Crop Fields

Tractor in field with cornstalk remnants
A landowner practices no-till planting on corn
stubble.  USDA NRCS

No-Till Planting System

In modern agriculture, no-till planting has replaced conventional tillage and planting as the preferred method for planting row crops. In no-till planting systems, crops are planted directly into an undisturbed seedbed with a specially designed seed drill or planter.

No-till planting:

  • Reduces soil erosion
  • Increases soil organic matter
  • Conserves moisture
  • Decreases labor costs
  • Increases use by wildlife

Residue from no-till provides both food and cover for wildlife. In particular, waste grain and weed seeds left after harvest are staple foods for wildlife in winter. If you don't want to bear the expense of owning and maintaining a no-till drill, you may be able to find custom no-till drilling services through your local USDA service center.


Crop Rotation

The practice of planting different crops in the same field from year to year is known as crop rotation. It is the opposite of continuous cropping — planting the same crop in the same field year after year. 

Experts report that continuous cropping results in higher risk for crop disease. They also note more insect problems under a continuous system, increasing the need for insecticides.

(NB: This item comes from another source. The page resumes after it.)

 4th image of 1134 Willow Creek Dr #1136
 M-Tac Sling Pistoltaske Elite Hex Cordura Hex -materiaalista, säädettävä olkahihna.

Recent research indicates that insecticides are one of the prevailing factors impacting the general declining health of honeybees.

A simple corn-and-soybean crop rotation can:

  • Control associated insect pests
  • Reduce risks to valuable insect pollinators
  • Increase cropping system health
  • Increase plant diversity
  • Address specific soil deficiencies and improve soil properties

A common crop rotation is one year of corn followed by two years of beans. Diversify the rotation by adding additional crops for greater benefit. Consider including a small grain such as milo, wheat, or oats, or a legume such as red clover. 


  • Help prevent soil erosion 
  • Add nitrogen to the soil, reducing fertilizer requirements the following year 
  • Can provide ideal wildlife brood-rearing cover and food — if mowing or haying is delayed until after July 15.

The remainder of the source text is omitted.